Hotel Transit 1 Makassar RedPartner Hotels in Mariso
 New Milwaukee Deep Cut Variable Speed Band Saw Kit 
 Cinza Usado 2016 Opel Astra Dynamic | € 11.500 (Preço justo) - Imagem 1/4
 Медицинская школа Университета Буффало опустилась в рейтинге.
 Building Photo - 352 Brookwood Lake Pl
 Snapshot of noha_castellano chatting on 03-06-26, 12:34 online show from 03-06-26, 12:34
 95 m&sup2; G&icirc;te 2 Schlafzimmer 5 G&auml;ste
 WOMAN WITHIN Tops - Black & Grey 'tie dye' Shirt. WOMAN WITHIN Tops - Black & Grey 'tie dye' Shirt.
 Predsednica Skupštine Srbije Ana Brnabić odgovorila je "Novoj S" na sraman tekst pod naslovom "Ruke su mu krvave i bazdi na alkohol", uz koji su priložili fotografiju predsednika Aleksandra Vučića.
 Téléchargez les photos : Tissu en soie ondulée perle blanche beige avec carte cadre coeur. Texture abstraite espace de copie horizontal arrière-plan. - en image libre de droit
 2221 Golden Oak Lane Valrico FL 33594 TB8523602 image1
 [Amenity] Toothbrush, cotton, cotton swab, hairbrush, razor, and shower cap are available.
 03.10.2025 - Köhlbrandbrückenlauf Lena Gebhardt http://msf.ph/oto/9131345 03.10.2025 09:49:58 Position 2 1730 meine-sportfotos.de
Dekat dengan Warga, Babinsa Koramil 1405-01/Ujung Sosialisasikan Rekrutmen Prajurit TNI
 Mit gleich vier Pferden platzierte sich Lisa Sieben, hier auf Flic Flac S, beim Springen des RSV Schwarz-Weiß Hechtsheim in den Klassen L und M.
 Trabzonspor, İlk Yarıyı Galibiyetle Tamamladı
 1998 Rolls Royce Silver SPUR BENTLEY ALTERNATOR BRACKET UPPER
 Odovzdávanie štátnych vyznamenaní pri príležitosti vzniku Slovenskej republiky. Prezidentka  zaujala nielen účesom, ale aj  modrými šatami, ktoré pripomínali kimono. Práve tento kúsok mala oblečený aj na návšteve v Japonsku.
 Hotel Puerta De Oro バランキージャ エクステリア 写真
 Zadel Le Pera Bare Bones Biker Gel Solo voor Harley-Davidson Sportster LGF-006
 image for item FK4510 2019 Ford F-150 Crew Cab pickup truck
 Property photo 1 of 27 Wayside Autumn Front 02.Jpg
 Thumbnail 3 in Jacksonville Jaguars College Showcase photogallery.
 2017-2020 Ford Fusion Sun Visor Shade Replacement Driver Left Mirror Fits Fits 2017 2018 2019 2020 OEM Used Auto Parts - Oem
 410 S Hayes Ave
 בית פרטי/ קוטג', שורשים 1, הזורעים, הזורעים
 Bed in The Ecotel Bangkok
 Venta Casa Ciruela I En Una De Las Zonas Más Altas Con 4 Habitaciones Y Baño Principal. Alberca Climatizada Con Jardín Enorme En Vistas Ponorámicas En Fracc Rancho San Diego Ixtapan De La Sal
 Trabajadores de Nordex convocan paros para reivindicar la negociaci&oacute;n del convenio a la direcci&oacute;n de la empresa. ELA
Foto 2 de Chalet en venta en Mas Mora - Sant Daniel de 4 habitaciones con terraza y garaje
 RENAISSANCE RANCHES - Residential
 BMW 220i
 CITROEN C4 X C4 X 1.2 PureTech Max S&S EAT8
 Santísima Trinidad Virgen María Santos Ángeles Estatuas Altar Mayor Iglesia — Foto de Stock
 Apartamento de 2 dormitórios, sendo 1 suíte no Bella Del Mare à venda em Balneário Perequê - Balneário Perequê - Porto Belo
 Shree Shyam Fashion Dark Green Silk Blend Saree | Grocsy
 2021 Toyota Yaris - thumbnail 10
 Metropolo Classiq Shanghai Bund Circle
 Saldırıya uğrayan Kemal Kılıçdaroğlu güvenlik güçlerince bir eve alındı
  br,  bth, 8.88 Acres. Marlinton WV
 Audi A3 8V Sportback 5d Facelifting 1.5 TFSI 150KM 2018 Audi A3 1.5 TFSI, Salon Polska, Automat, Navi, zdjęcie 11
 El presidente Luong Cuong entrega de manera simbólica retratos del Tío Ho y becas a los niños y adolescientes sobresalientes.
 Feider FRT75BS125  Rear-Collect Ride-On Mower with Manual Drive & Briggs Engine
————————
- [Task description] Copy every line above that holds the word "Hotel".

- [Task response]
Hotel Transit 1 Makassar RedPartner Hotels in Mariso
 Hotel Puerta De Oro バランキージャ エクステリア 写真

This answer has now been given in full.